This session, a working majority of all Democrats and nine Republicans drove an agenda in the Senate.
Although that coalition didn’t always hold together, its members worked together this week in committee to push a change to the way the Senate appoints select committees.
Previously, the president of the Senate had the power to appoint select committees during the interim, such as the previous, controversial Select Committee on Judicial Oversight and Reform.
However, Sen. Wendy McKamey, R-Great Falls, part of the working majority, proposed a change this week so that select committees be only formed with a majority vote of the Senate.
Republican leadership resisted the change in the Rules Committee on Tuesday — and with help from one Democrat — modified it so that those committees require three-fifths of the members in support instead of a simple majority.
That’s the change the full Senate approved 47-3 on Wednesday, but in committee, the proposal brought up ongoing political tensions in the Senate and the potential it could take several sessions to restore relationships.
“We are really going down a road of distrust in the Senate chambers,” said Sen. Greg Hertz, R-Polson. “We’re further perpetuating more distrust with something like this.”
In the Senate, Republicans have a 32-18 majority, but nine of them, “The Nine,” joined all Democrats off and on as a working majority through the session.
Responding to McKamey’s proposal in committee, Sen. Ellie Boldman, D-Missoula, repeatedly urged members of the committee to stick with the change McKamey presented, as members of the Republican majority made other proposals.
At one point, Sen. Carl Glimm, R-Kila, floated the idea to not have any select committees at all to alleviate suspicions from both sides.
“I think it gets everybody out of the ‘Where’s the boogeyman’ idea,” said Glimm, part of the Republican majority.
The committee turned that down.
However, Hertz, also part of the Republican majority, proposed the idea that finally won out, to require approval from three-fifths of the Senate to create and appoint a select committee.
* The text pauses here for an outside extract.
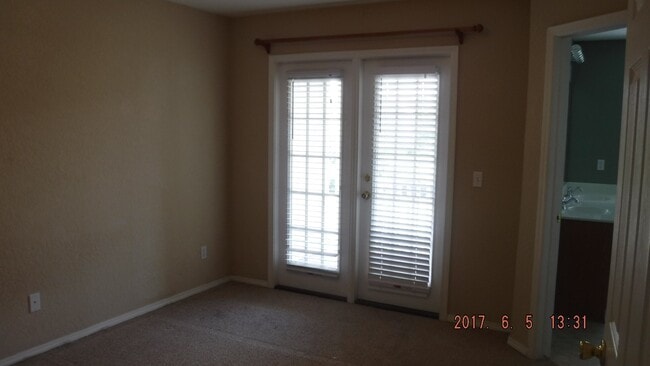 Building Photo - Two Bedroom, Two and half Bath Townhome-One Free Month For Qualified Applicants (See Information ...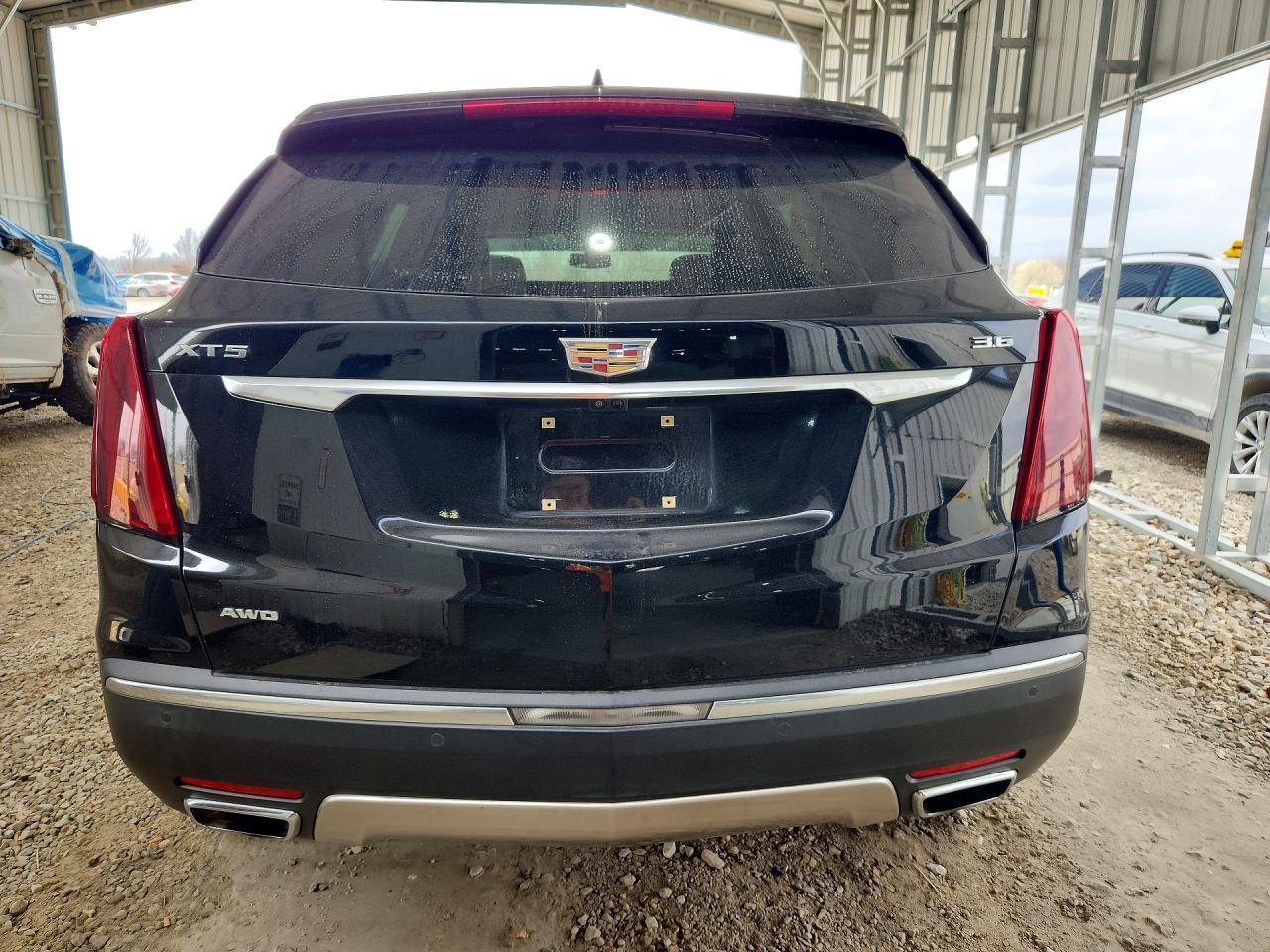 2017 CADILLAC XT5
Sen. Derek Harvey, D-Butte, bucked his party in committee and supported the change. Even after Boldman called for a reconsideration, he held his position.
After the committee meeting, Harvey said he was convinced it was a good idea to have a higher threshold to encourage the factions in the Senate to work together.
“I felt that’s a fair way to do it,” Harvey said.
It means 10 Senators can call for the full body to be polled about forming a select committee, and 30 are required to agree to it.
“I think that’s the spirit of working together and moving forward and getting past this session,” Harvey said.
On the floor Wednesday, Majority Leader Tom McGillvray of Billings presented the proposal out of the Rules Committee as bipartisan and fair, a way to avoid “frivolous” committees and push for agreement.
“It would have to have buy-in from all parties, and we just thought it was a good solution to the question that we had about select committees,” McGillvray said.
On the floor, though, McKamey again tried to push her original proposal, although it didn’t pass. She earlier said she thought the three-fifths bar was too high to create a select committee.
Senate Minority Leader Pat Flowers, D-Belgrade, told the Daily Montanan he had’t planned the rule change, and he didn’t have any select committees in mind that he would want to call into action.
However, Flowers said he didn’t want to see a repeat of the most recent interim, with the judicial committee working on outcomes his caucus believed were predetermined and costly, and in which they did not participate.
“I do see the value of not giving the president the opportunity to kind of unilaterally create these select committees based on what we saw in the last session,” Flowers said.
Flowers previously worked with The Nine to gain additional power under the Senate’s permanent rules, by requiring the Senate president to receive approval from the minority leader on the composition of conference committees,
The approval in the Senate was one of the final votes before the chamber adjourned for the 2025 session.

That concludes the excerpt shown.